Those are beautiful pigeons, Terry. We don't have Indian fantails, but American. Our first set of chicks from my young pair, Stormy and Cindy, are now about six weeks old and they are adorable. They are very cute in the nest because they get their fantails right away when the feathers come in. I love watching them toddle around the loft when they leave the nest. 

Love the frillbacks, too. We have one, a pure white named Lily. Unlike your white, she lacks a crest, but otherwise looks just the same. She was a rescue--wound up at the Humane Society and we adopted her about 7 months ago. She is very, very shy and afraid.


----------



## Birdmom4ever (Jan 14, 2003)

*Shiloh & Shelby*

OK, now that I finally figured out how to compress pictures and post 'em, couldn't resist one more of the youngsters. (You know these proud grandmas with their pictures!)  Here are Shelby and Shiloh, 5 week old American fantails.


----------



## Pigeonpal2002 (Jul 27, 2002)

Hi Birdmom, 

Adorable photos of your babies, Shiloh and Shelby I'd like to ask though, do you have their wings clipped, or how well do the fantails fly? I noticed that they are outdoors and in the "open" so I'm just curious.


----------



## TAWhatley (Mar 6, 2001)

Love the pics, BirdMom .. keep 'em coming! Your babies are beautiful!

Terry


----------



## Birdmom4ever (Jan 14, 2003)

Thank you for the compliments. No, we don't clip their wings. They were just five weeks old when the pictures were taken and still not flying well.

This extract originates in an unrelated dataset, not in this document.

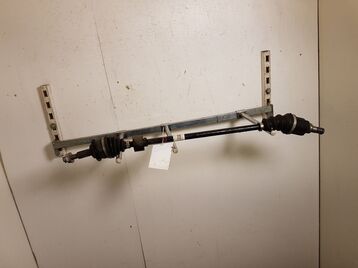 93169664 Opel AGILA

Their big, cumbersome tails interfere with flight. But they do love to climb up on our shoulders. It wasn't until this week that they really began to fly around the loft and get to the landing board and higher perches. Even our adult fantails don't fly well. 

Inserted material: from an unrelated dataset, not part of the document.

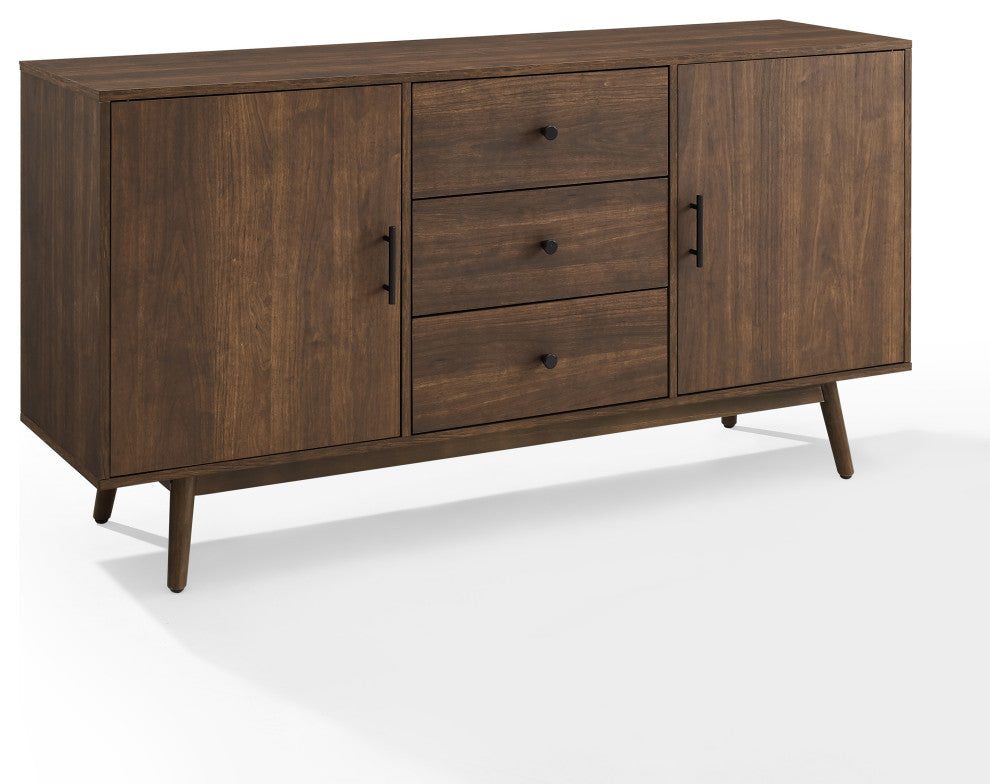 Lucas Sideboard Brown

We have sort of a family tradition of taking babies out on the front lawn on nice days and playing with them. With better flyers, such as our rollers, we do it a little earlier, around 4 weeks. They stick close to us because they see what a big, wide world it is and we are the only familiar fixtures. Of course it makes for a great photo op.


----------



## Pigeonpal2002 (Jul 27, 2002)

Hi Birdmom, 

Thanks for clarifying that for me. I knew fantails didn't fly well but I wasn't sure how well is well in their case. My runts don't fly well either but I would be afraid to take them outside, the youngsters particularly. They fly better than their parents do. I'm glad you got that photo op with your babies though


----------



## alaska (Mar 17, 2005)

Seeing photos of little babies like this makes me want to hurry and get a mate for Cecil  Fantails are a beautiful breed, is it possible to cross breed a roller with a fantail?
Keep the photos coming


----------



## Birdmom4ever (Jan 14, 2003)

It's possible to cross any domestic pigeon with any other domestic pigeon (including ferals). If you cross a roller and a fantail you would get a smallish pigeon with a larger-than-normal tail, but not a fantail. Some people treat cross-breeding as if it is akin to blasphemy while others enjoy experimenting. The reason we have hundreds of pigeon breeds is that people experimented with cross-breeding. Keep in mind, though, that should you need to find new homes for your pigeons, it's easier to give away purebreds than crossbreeds. And if you're going to show, you want to keep your purebreds pure.


----------



## kooper (Sep 19, 2004)

congras to you and your birds! they look awesome!

kooper


----------